Le changement est amorcé par la loi n°65-570 du 13 juillet 1965 portant réforme des régimes matrimoniaux qui introduit le régime légal de la communauté réduite aux acquêts.

Cette législation figure comme une première étape car elle rend effective la capacité juridique de la femme mariée pouvant désormais ouvrir un compte en banque en son nom propre et travailler séparément de son conjoint sans son autorisation.

Le divorce sera la seconde étape de l’évolution.

Et c’est dans ce contexte que le Doyen de l’Université du Panthéon-Assas, Jean Carbonnier, se voit chargé de rédiger l’avant projet de la loi de 1975.

Jusqu’à cette date, la rupture du mariage ne pouvait se fonder que sur la faute.

On distinguait alors les causes dites péremptoire telles que l’adultère ou la condamnation à une peine afflictive et infamante de l’un des époux*, des autres causes.

Ces dernières se limitaient aux excès, sévices et injures graves constituant un manquement grave et renouvelé des devoirs et obligations résultant du mariage et rendant intolérable le maintien du lien conjugal.

Pour ces causes dites non-péremptoires, il était évidemment difficile de rapporter la preuve des agissements fautifs, d’autant que l’aveu n’était pas reconnu.

L’un de mes professeurs d’Université expliquait que cet état du droit donnait lieu à des situations vaudevillesques.

Ainsi, les époux qui s’entendaient sur leur séparation, n’avaient d’autre choix que de s’écrire mutuellement des lettres d’injures pour que leurs fautes soient établies et que le droit au divorce leur soit ouvert.

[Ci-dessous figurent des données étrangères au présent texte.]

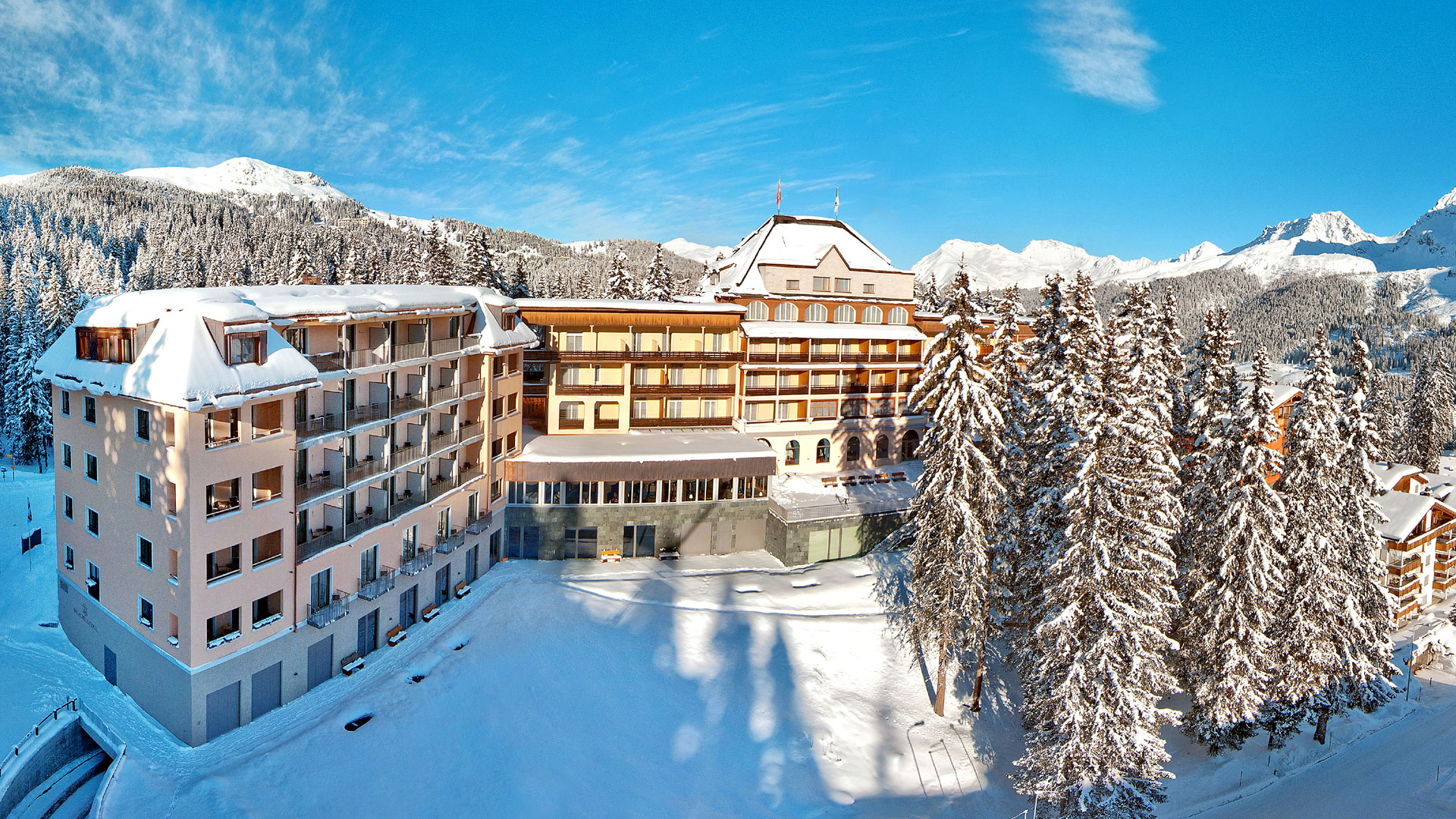 Image de référence EgoKiefer, Waldhotel National Arosa, paysage d'hiver, photo de jour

Les magistrats fermaient les yeux sur ces divorces consensuels appelés S.O.P par référence aux insultes courantes contenues dans les missives (salope, ordure, putain).

La loi de 1975 bouleverse les procédures et consacre la rupture amiable du mariage ainsi que la faculté de divorcer unilatéralement d’un époux non fautif.

L’article 229 du code civil prévoit ainsi trois cas de divorce :

– le divorce par consentement mutuel,

– le divorce pour rupture de la vie commune consécutif à une séparation de fait d’une durée de six ans,

– et le divorce pour faute.

Au travers de sa rupture, la réforme met en lumière l’ambivalence du mariage à la fois contrat et institution.

Elle crée par ailleurs une nouvelle fonction judiciaire, celle du Juge aux Affaires Matrimoniales.

Mais son impact ne se limite pas au seul droit civil et à ses instances juridictionnelles : il se propage jusqu’au droit pénal.

C’est ainsi que l’adultère de la femme mariée jusqu’alors constitutif d’un délit dont l’amant était tenu complice -et non coauteur – sera dépénalisé.

Et tandis que les couples français gagnent en sérénité et en liberté, les femmes trouvent dans cette réforme indépendance, confiance et reconnaissance.

En 2004, le divorce fera l’objet d’une modernisation sans qu’un délai de quatre vingt dix ans ne s’écoule de nouveau.

La Loi n°2004-439 du 26 mai 2004 entrera en vigueur le 1er janvier 2005.

Sur cet épisode de notre droit, je souhaite laisser le mot de la fin à l’éminent Doyen Jean Carbonnier qui écrivait sans doute en réfléchissant à cette réforme :

« Les lois du 18 février 1938 et 13 juillet 1965 ont entendu effacer du droit civil « l’éternel féminin ». On remarquera que, tout au contraire, la philosophie contemporaine attire l’attention, d’une manière très aiguë, quoique non pas toujours dans le même esprit, sur l’altérité de la femme. Peut-être ne souligne-t-elle pas assez qu’un des aspects les plus profonds de cette altérité est une sensibilité différente du droit – un moindre besoin de droit, qui est sans doute une grande supériorité».

Droit Civil Tome Premier – J.Carbonnier – Thémis – Presses Universitaires de France 1965

Code Civil Ancien*

Art.229 :

Le mari pourra demander le divorce pour cause d’adultère de sa femme.

Art.230 :

La femme pourra demander le divorce pour cause d’adultère de son mari.

Art.231 :

Les époux pourront réciproquement demande le divorce pour excès, sévices ou injures graves, de l’un envers l’autre.

Art.232 :

La condamnation de l’un des époux à une peine afflictive et infamante sera pour l’autre une cause de divorce.